Ya nadie extraña ese lugar secreto, soterrado por la memoria lúgubre de cierta batalla en Crimea y la devoción absurda a una princesa infiel.

Por las noches, cuando la oscuridad cubre las cosas de silencio y dejan de contarme sus historias, suelo imaginar que la magia desahuciada se hizo vagabunda y erra con los parias, pordioseando mendrugos en las fantasías de los niños o en delirios de artistas y de locos, sobreviviendo apenas al mundo material o resucitando en leyendas cada vez que muere de frio o la asesinan. Y digo leyendas porque así le llama nuestra incredulidad a las historias reales si algo mágico hubo en ellas, como en la última noche de Bruno Lueurdunjour.

Bruno era un joven insignificante, anodino, como tantos que pierden su identidad en la multitud de una ciudad cualquiera, de camino al trabajo en las mañanas, de regreso a otras miserias por las tardes, igual de apurado, presa del mismo tedio, con el semblante lánguido y los ojos fijos en la nada, llenos del vacío unánime que también nosotros solemos ignorar en los demás.

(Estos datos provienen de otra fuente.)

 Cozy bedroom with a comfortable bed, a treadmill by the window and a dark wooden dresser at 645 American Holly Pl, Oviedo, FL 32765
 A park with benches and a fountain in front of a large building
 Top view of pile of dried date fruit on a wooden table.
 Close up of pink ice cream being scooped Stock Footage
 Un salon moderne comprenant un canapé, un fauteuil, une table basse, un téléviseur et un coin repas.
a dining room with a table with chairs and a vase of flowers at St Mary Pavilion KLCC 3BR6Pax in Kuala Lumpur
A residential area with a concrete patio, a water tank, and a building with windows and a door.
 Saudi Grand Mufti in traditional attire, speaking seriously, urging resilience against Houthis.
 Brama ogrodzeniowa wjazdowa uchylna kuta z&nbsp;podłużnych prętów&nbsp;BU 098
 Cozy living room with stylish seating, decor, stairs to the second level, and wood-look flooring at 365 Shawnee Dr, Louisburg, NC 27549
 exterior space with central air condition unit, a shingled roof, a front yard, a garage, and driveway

A veces, dolorido del vapuleo diario, Bruno buscaba solaz en el entretenimiento vano. El cine americano o una novelita cursi solían bastarle, pero si los golpes de la vida eran muy fuertes, prefería anestesias más espirituosas, y aunque sabía que recurrir a las falsas amistades de la cantina acababa siempre en remordimiento, aceptaba sumiso gastarse media quincena en una noche de copas y el contubernio ocasional con otros parias a quienes no lo unía nada entrañable, ni una pizca del afecto y la complicidad fraternal que siempre había añorado. Bruno tenía consciencia de que aquello no era amistad, sino un acuerdo tácito entre infelices de apuntalarse mutuamente, y aunque quería dejarlos, los ritos y liturgias de la taberna lo habían hermanado a esa cofradía de desdichados. Todos sus intentos de abdicar fueron inútiles. Estaba atrapado en una existencia absurda que, en sus momentos lúcidos, no entendía por qué se empeñaba en prolongar.

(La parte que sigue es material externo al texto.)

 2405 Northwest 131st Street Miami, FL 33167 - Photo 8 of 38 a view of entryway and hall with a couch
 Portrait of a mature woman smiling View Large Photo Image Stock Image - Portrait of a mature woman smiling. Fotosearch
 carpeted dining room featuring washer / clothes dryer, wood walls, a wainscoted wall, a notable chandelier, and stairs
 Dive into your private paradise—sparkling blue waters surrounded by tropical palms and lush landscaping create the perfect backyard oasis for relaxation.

¡Claro que había tenido sueños!, pero su niñez —aquel vergel de promesas y esperanzas intactas— estaba cada vez más sumida en la tiniebla de sus decepciones. Bruno había cambiado: creía que su candor de otrora y la decencia que su abuela le había impuesto como una religión eran defectos, la causa de que le faltaran tripas para el éxito, de no tener la sevicia necesaria para usar al prójimo como instrumento de sus ambiciones.

Así era Bruno: un hombre hecho, deshaciéndose; alternando sin cesar las pesadillas de la vigilia y el sueño, hasta que una noche de insomnio decidió ir a caminar por Saint-Germain-des-Prés y encontró un milagro.

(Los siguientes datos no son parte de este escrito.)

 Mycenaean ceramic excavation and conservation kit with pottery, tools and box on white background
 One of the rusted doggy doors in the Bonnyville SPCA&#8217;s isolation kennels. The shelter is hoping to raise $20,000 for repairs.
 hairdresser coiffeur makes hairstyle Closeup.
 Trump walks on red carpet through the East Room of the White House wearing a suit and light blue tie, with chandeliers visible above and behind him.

En el verano del ‘47, el París nocturno de los intelectuales era muy distinto al que Bruno conocía, y cuando salió a la calle con intención de visitarlo tuvo la sensación de entrar en una fantasía, de haber cruzado la frontera de su mundo. Dejó que una parte muy pequeña de sí mismo lidiara con las aceras mientras él se ensimismaba en la pesadilla recurrente que lo afligía desde hacía tiempo; una pesadilla horrible y opresiva que —empezaba a entenderlo era la verdadera causa de esos insomnios tantas veces atribuidos a una indigestión, a la soledad, al asedio del casero por las rentas atrasadasFueron sus emociones, más que el discernimiento, las que descubrieron que no podía dormir por temor a aquel desasosiego.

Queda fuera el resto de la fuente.